The alleged failure to provide notice and comment was not a cognizable injury in fact but, instead, was “a procedural injury that on its own does not confer standing.” Judgment at 2. Such a procedural injury can give rise to standing to sue only if it is “‘tethered to some concrete interest adversely affected by the deprivation.'” Id. (citation omitted). Here, CBD failed to demonstrate the the lack of notice and comment “resulted in any particular decision or action that has injured the Center.” Id.
Nor did CBD demonstrate that it had suffered an “informational injury.” That theory requires that the plaintiff show “‘(1) that it has been deprived of information that, on its interpretation, a statute requires the government or a third party to disclose to it, and (2) it suffers, by being denied access to that information, the type of harm that Congress sought to prevent by requiring disclosure.'” Id. at 3 (citation omitted). This claim failed because notice and comment is not tantamount to a right to information and, in any event, CBD “has provided no explanation pinpointing what information it has lost” due to lack of notice and comment. Id.
Finally, the D.C. Circuit rejected CBD’s attempt to argue that it had organizational injury standing because it did not raise that issue separately below and “cannot mend the deficiencies of its asserted informational injury by repackaging that injury as organizational.” Id.
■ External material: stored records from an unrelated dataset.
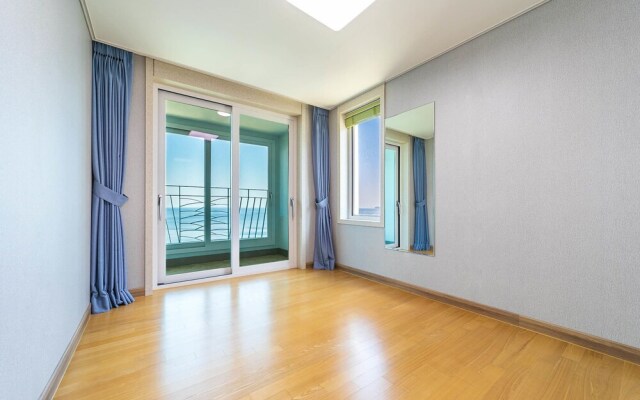 Pension Venezia in Samcheok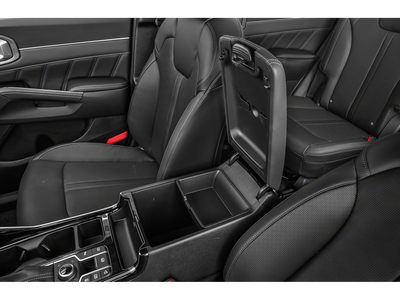 2024 Kia Sorento X-Line SX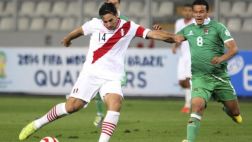 Bayern modificó anuncio de la convocatoria de Claudio Pizarro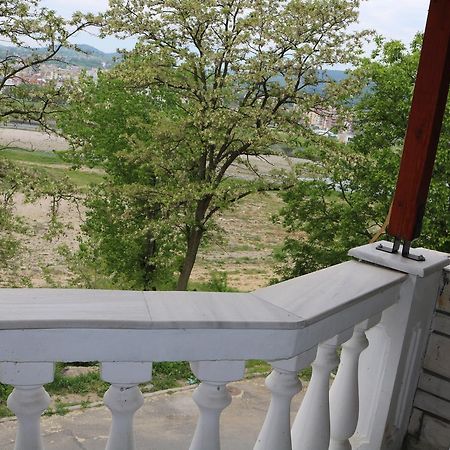 Hotel Arda Kurdzhali Luaran gambar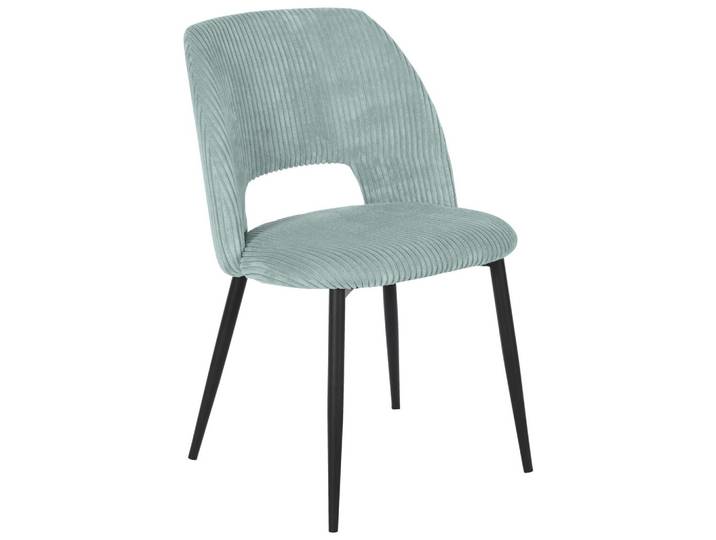 Stuhl Zoe in Mintgrün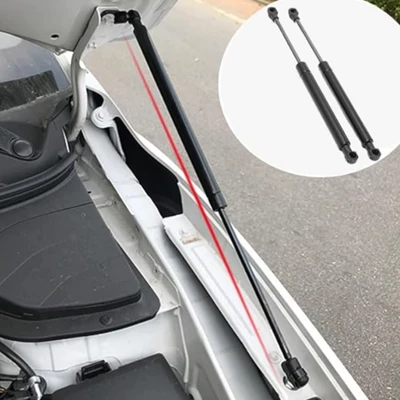 hood with hydraulic support – Avtomobil qapağı dayağı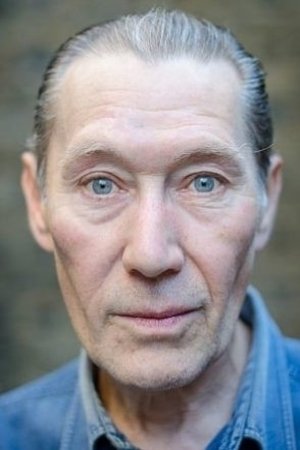 Oengus MacNamara backdrop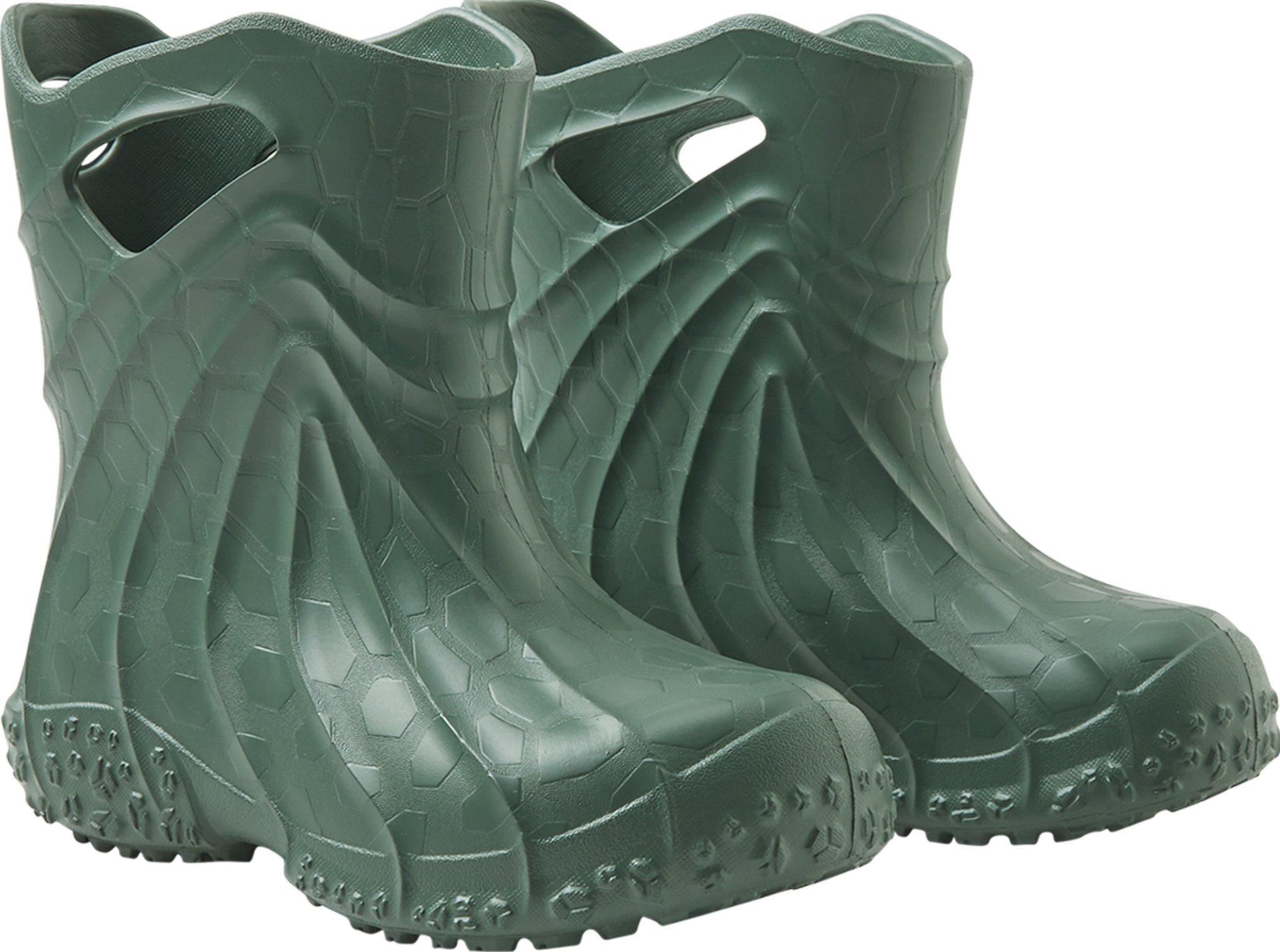 Product gallery image number 5 for product Amfibi Lightweight Rain Boots - Kids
Interestingly, the appellate court issued its decision in an unpublished decision pursuant to D.C. Circuit Rule 36(d). Id. at 1. Whereas an opinion that modifies, clarifies or criticizes existing law, calls attention to a rule of law generally overlooked, resolves a conflict, reverses a published decision or is a matter of first impression or of general public interest “will be published,” D.C. Cir. Rule 36(c)(2), a case that raises none of those factors need not be published. In other words, it appears that the standing issues here were so settled, that the Court saw no need for a published opinion.